§ **Records shown**:
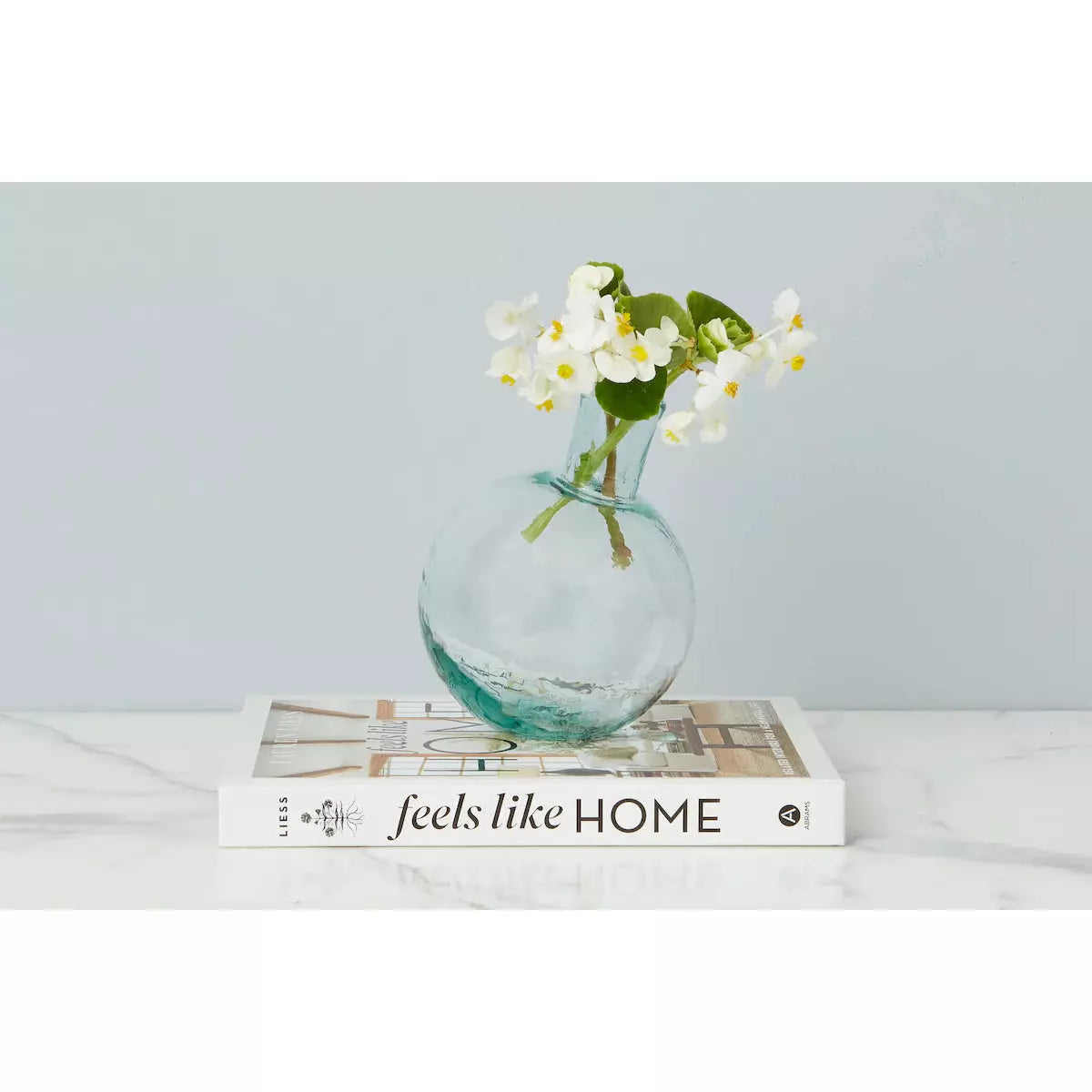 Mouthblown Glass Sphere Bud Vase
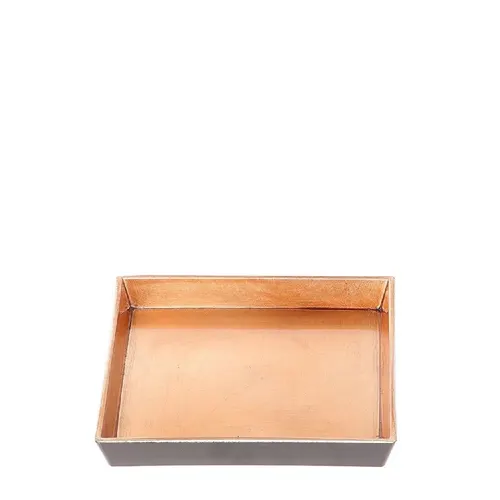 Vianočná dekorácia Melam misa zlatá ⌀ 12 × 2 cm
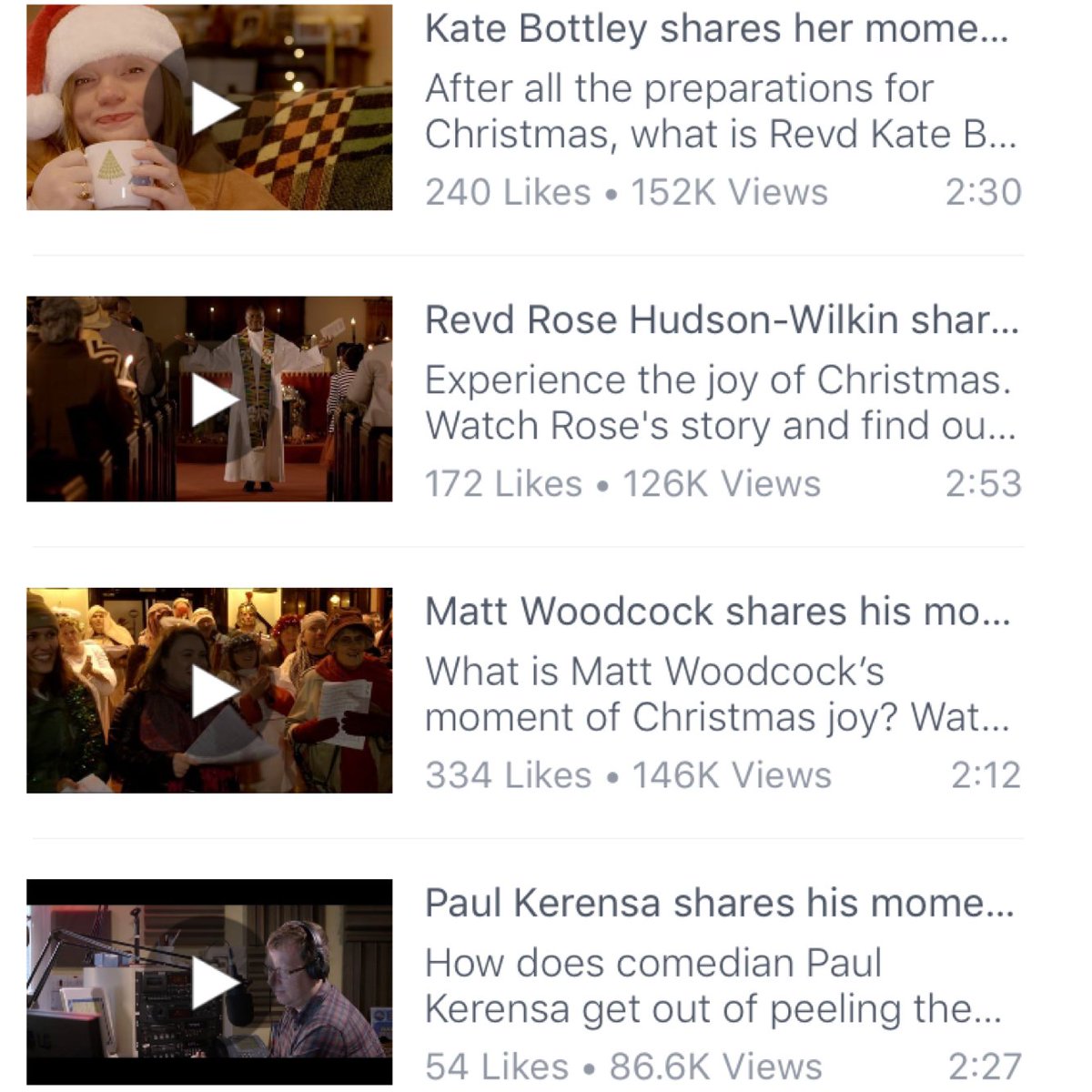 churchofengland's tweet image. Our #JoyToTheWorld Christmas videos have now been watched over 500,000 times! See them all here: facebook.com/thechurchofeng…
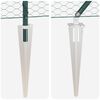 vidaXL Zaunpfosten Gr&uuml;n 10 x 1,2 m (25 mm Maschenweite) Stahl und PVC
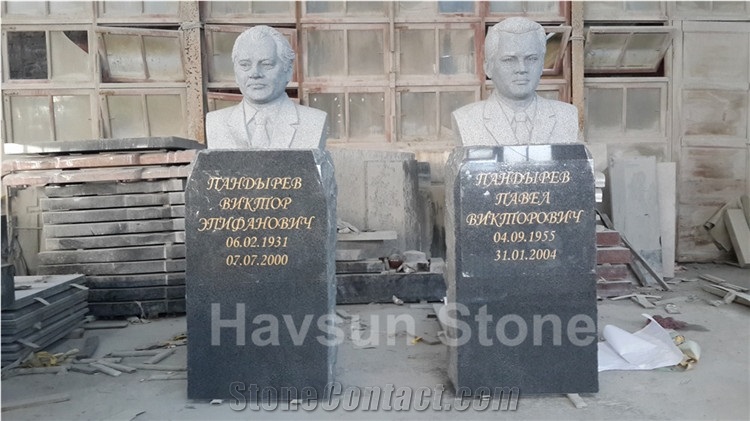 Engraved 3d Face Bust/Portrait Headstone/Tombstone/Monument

§ **About this exercise**:
Pictures stay out; everything else in the records gets copied exactly.

§ **Answer below**:
 Mouthblown Glass Sphere Bud Vase
 Vianočná dekorácia Melam misa zlatá ⌀ 12 × 2 cm
 churchofengland's tweet image. Our #JoyToTheWorld Christmas videos have now been watched over 500,000 times! See them all here: facebook.com/thechurchofeng…
 vidaXL Zaunpfosten Gr&uuml;n 10 x 1,2 m (25 mm Maschenweite) Stahl und PVC
 Engraved 3d Face Bust/Portrait Headstone/Tombstone/Monument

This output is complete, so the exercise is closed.